Dossier : IMM-2252-17

Référence : 2017 CF 1149

[TRADUCTION FRANÇAISE]

Ottawa (Ontario), le 14 décembre 2017

En présence de monsieur le juge Gleeson

ENTRE :

SAJID HUSSAIN

demandeur

et

LE MINISTRE DE LA CITOYENNETÉ ET DE L’IMMIGRATION

défendeur

JUGEMENT ET MOTIFS

I.                    Aperçu

[1]               M. Hussain est un citoyen du Pakistan qui fait l’objet d’un renvoi du Canada vers le Pakistan. Il présente cette demande en vertu du paragraphe 72(1) de la Loi sur l’immigration et la protection des réfugiés, L.C. 2001, ch. 27 (la LIPR), afin d’obtenir une révision de la décision défavorable rendue à l’égard de sa demande d’examen des risques avant renvoi (ERAR).

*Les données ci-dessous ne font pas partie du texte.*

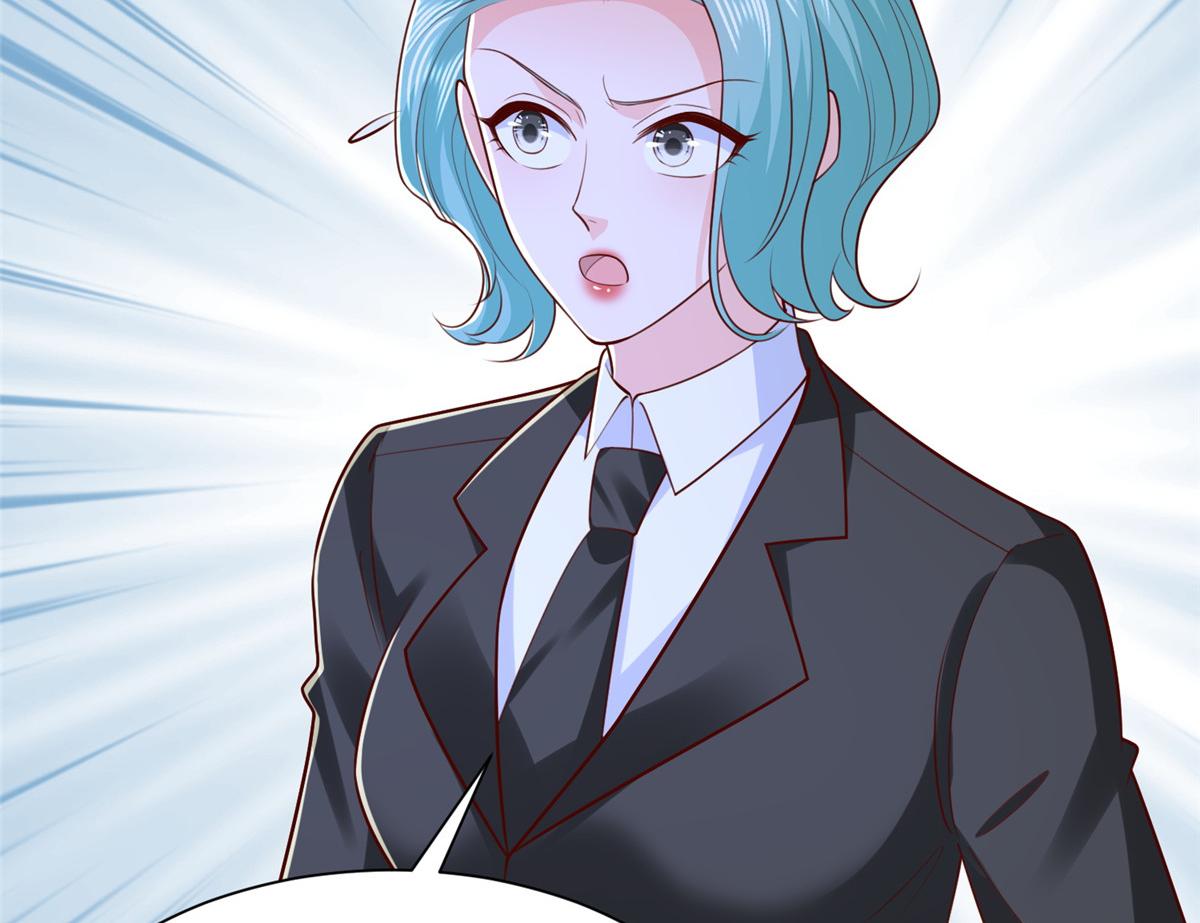 攤牌了，我全職業系統！ - 842 一個都不放過(2/3) - 8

[2]               Pour les motifs ci-après exposés, la demande est accueillie. Je suis d’avis que le défaut de l’agent d’immigration principal (l’agent) de tenir compte des observations et des éléments de preuve sur le risque allégué d’incarcération et de mauvais traitements de la part des autorités pakistanaises – un risque qui, selon M. Hussain, découle de sa non-admissibilité au Canada pour des raisons d’ordre criminel – mine l’intelligibilité et la transparence de la décision et la rend déraisonnable.

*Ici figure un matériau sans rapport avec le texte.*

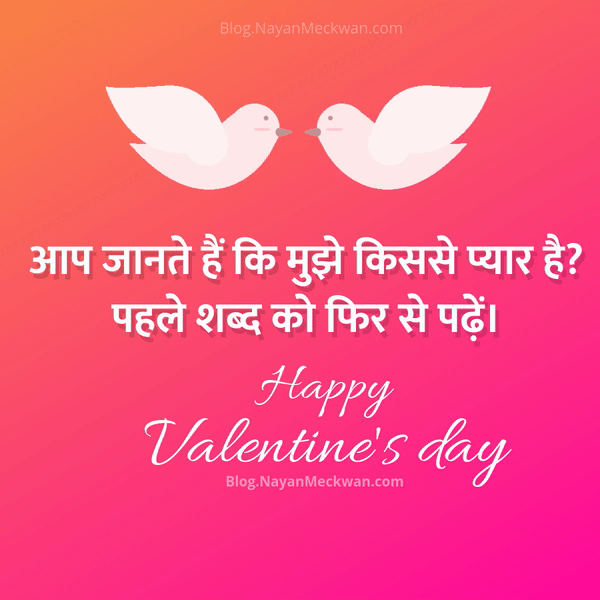 Relationship Quotes and Love Messages in GIF Hindi 2022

II.                 Contexte

[3]               M. Hussain est arrivé au Canada en compagnie de ses parents en tant qu’enfant à charge. La famille avait été parrainée par le frère aîné de M. Hussain, Farakat. M. Hussain est devenu résident permanent du Canada en 1995, à l’âge de 15 ans.

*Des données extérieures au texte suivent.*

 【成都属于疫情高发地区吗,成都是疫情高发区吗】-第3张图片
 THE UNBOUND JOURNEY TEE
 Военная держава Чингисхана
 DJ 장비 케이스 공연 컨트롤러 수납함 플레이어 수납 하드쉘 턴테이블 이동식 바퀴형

[4]               Son frère, Farakat, a épousé sa cousine Shazia Bi au Pakistan, dont il a aussi parrainé la demande de résidence permanente. Mme Bi est arrivée au Canada et est devenue résidente permanente en 1998. Le couple a divorcé moins d’un an plus tard.

[5]               M. Hussain allègue qu’il a été forcé d’épouser l’ex-femme de son frère après le divorce de ce dernier, afin de préserver l’honneur des deux familles. Ils se sont mariés en janvier 2002, mais ont divorcé en juillet 2012. La date de séparation indiquée sur leur demande de divorce est juillet 2005, mais M. Hussain soutient qu’ils ont tenté de se réconcilier à deux reprises, soit en 2008 et à nouveau en 2010.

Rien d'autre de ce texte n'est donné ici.